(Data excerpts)
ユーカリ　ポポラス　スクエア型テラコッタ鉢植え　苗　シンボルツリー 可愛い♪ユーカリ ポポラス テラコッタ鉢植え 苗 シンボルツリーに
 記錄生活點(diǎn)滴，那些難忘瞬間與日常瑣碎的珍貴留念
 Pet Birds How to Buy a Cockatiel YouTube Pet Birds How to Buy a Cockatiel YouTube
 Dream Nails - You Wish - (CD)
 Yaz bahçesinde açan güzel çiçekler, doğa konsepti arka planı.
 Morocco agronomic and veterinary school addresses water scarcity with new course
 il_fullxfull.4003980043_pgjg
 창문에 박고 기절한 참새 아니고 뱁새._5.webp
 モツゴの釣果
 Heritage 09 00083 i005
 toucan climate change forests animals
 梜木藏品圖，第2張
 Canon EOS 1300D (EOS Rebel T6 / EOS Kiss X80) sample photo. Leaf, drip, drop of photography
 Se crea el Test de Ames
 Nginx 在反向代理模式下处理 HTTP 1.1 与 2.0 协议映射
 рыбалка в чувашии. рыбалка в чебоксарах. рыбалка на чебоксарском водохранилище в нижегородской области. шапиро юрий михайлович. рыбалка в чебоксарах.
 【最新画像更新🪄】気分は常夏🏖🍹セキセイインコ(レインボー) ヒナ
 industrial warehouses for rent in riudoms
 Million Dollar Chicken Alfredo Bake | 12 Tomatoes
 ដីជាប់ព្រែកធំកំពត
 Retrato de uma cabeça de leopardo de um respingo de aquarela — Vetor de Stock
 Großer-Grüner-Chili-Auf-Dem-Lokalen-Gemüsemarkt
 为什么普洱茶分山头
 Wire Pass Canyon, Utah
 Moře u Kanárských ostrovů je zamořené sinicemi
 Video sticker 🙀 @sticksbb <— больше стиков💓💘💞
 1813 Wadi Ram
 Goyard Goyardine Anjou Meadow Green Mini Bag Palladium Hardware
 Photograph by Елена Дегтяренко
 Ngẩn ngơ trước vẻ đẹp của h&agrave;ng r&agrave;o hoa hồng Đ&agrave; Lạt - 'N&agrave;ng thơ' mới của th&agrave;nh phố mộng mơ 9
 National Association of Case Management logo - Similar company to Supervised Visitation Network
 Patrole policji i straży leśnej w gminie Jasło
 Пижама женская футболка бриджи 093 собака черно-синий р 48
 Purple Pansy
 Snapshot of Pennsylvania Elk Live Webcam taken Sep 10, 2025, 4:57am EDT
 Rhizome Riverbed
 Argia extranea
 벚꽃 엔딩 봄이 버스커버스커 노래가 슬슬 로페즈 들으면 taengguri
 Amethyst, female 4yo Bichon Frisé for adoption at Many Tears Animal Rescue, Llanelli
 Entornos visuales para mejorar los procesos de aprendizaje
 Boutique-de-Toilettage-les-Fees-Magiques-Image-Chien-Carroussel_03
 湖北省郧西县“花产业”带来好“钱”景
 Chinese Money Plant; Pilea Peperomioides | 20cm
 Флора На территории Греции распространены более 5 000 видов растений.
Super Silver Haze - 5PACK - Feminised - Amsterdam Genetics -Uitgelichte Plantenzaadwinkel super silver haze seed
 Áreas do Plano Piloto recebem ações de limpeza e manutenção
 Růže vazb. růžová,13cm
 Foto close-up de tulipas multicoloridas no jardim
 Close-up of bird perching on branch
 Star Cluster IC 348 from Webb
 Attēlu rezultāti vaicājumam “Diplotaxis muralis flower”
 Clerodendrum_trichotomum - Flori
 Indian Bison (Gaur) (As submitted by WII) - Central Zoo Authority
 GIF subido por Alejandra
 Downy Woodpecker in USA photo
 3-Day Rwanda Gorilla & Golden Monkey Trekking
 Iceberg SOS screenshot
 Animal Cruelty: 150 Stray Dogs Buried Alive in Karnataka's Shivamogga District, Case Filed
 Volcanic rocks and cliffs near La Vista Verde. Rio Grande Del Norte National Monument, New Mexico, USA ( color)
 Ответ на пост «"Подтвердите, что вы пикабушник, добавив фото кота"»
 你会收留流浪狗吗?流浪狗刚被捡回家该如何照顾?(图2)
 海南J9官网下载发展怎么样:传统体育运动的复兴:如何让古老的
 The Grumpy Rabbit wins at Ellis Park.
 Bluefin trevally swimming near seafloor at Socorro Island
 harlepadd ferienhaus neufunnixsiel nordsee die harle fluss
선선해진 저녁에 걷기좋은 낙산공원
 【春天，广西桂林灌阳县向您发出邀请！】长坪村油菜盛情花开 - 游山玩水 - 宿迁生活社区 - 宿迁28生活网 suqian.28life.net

» Directions for this task
Only the lines from the beginning of the data above through the line containing "Пижама женская футболка" should be repeated, exactly as they appear.

» Your solution
ユーカリ　ポポラス　スクエア型テラコッタ鉢植え　苗　シンボルツリー 可愛い♪ユーカリ ポポラス テラコッタ鉢植え 苗 シンボルツリーに
 記錄生活點(diǎn)滴，那些難忘瞬間與日常瑣碎的珍貴留念
 Pet Birds How to Buy a Cockatiel YouTube Pet Birds How to Buy a Cockatiel YouTube
 Dream Nails - You Wish - (CD)
 Yaz bahçesinde açan güzel çiçekler, doğa konsepti arka planı.
 Morocco agronomic and veterinary school addresses water scarcity with new course
 il_fullxfull.4003980043_pgjg
 창문에 박고 기절한 참새 아니고 뱁새._5.webp
 モツゴの釣果
 Heritage 09 00083 i005
 toucan climate change forests animals
 梜木藏品圖，第2張
 Canon EOS 1300D (EOS Rebel T6 / EOS Kiss X80) sample photo. Leaf, drip, drop of photography
 Se crea el Test de Ames
 Nginx 在反向代理模式下处理 HTTP 1.1 与 2.0 协议映射
 рыбалка в чувашии. рыбалка в чебоксарах. рыбалка на чебоксарском водохранилище в нижегородской области. шапиро юрий михайлович. рыбалка в чебоксарах.
 【最新画像更新🪄】気分は常夏🏖🍹セキセイインコ(レインボー) ヒナ
 industrial warehouses for rent in riudoms
 Million Dollar Chicken Alfredo Bake | 12 Tomatoes
 ដីជាប់ព្រែកធំកំពត
 Retrato de uma cabeça de leopardo de um respingo de aquarela — Vetor de Stock
 Großer-Grüner-Chili-Auf-Dem-Lokalen-Gemüsemarkt
 为什么普洱茶分山头
 Wire Pass Canyon, Utah
 Moře u Kanárských ostrovů je zamořené sinicemi
 Video sticker 🙀 @sticksbb <— больше стиков💓💘💞
 1813 Wadi Ram
 Goyard Goyardine Anjou Meadow Green Mini Bag Palladium Hardware
 Photograph by Елена Дегтяренко
 Ngẩn ngơ trước vẻ đẹp của h&agrave;ng r&agrave;o hoa hồng Đ&agrave; Lạt - 'N&agrave;ng thơ' mới của th&agrave;nh phố mộng mơ 9
 National Association of Case Management logo - Similar company to Supervised Visitation Network
 Patrole policji i straży leśnej w gminie Jasło
 Пижама женская футболка бриджи 093 собака черно-синий р 48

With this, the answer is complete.